Getting alerts when Java processes crash

When bugs occur in the Java runtime environment, most administrators want to get notified so they can take corrective action. These actions can range from restarting a Java process, collecting postmortem data or calling in application support personnel to debug the situation further. The Java runtime has a number of useful options that can be used for this purpose. The first option is “-XX:OnOutOfMemoryError”, which allows a command to be run when the runtime environment incurs an out of memory condition. When this option is combined with the logger command line utility:

$ java -XX:OnOutOfMemoryError=”logger Java process %p encountered an OOM condition” …

Syslog entries similar to the following will be generated each time an OOM event occurs:

Jan 21 19:59:17 nevadadev root: [ID 702911 daemon.notice] Java process 19001 encountered an OOM condition

Another super useful option is “-XX:OnError”, which allows a command to be run when the runtime environment incurs a fatal error (i.e., a hard crash).

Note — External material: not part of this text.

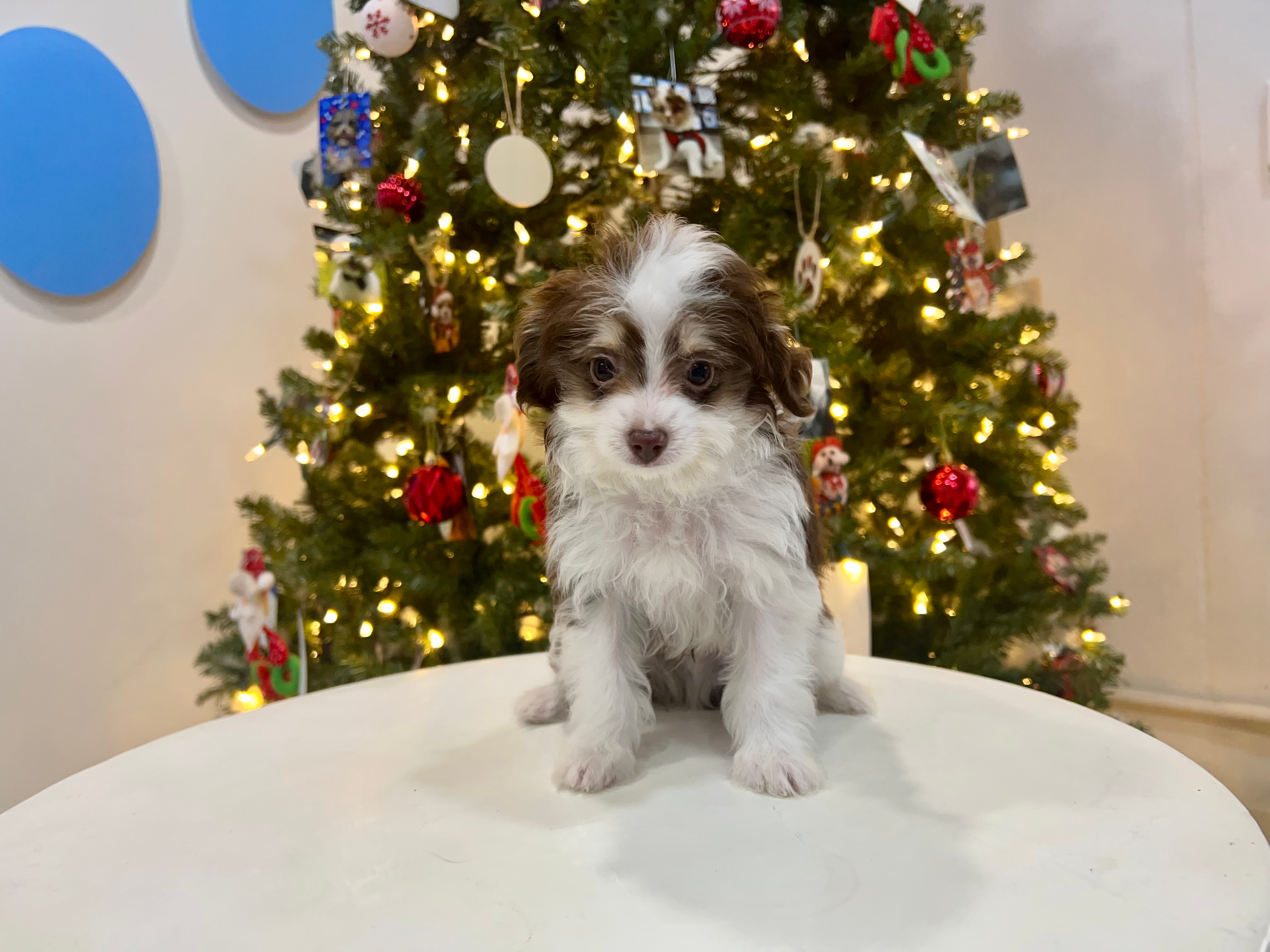Cute Mini Aussiedoodle Baby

When this option is combined with the logger utility:

$ java -XX:OnError=”logger -p Java process %p encountered a fatal condition” …

Syslog entries similar to the following will be generated when a fatal event occurs:

Jan 21 19:52:17 nevadadev root: [ID 702911 daemon.notice] Java process 19004 encountered a fatal condition

The options above allow you to run one or more commands when these errors are encountered, so you could chain together a postmortem debugging tool, a utility (logger or mail) to generate alerts, and a restarter script to start a new Java process (this assumes you aren’t using SMF). Nice!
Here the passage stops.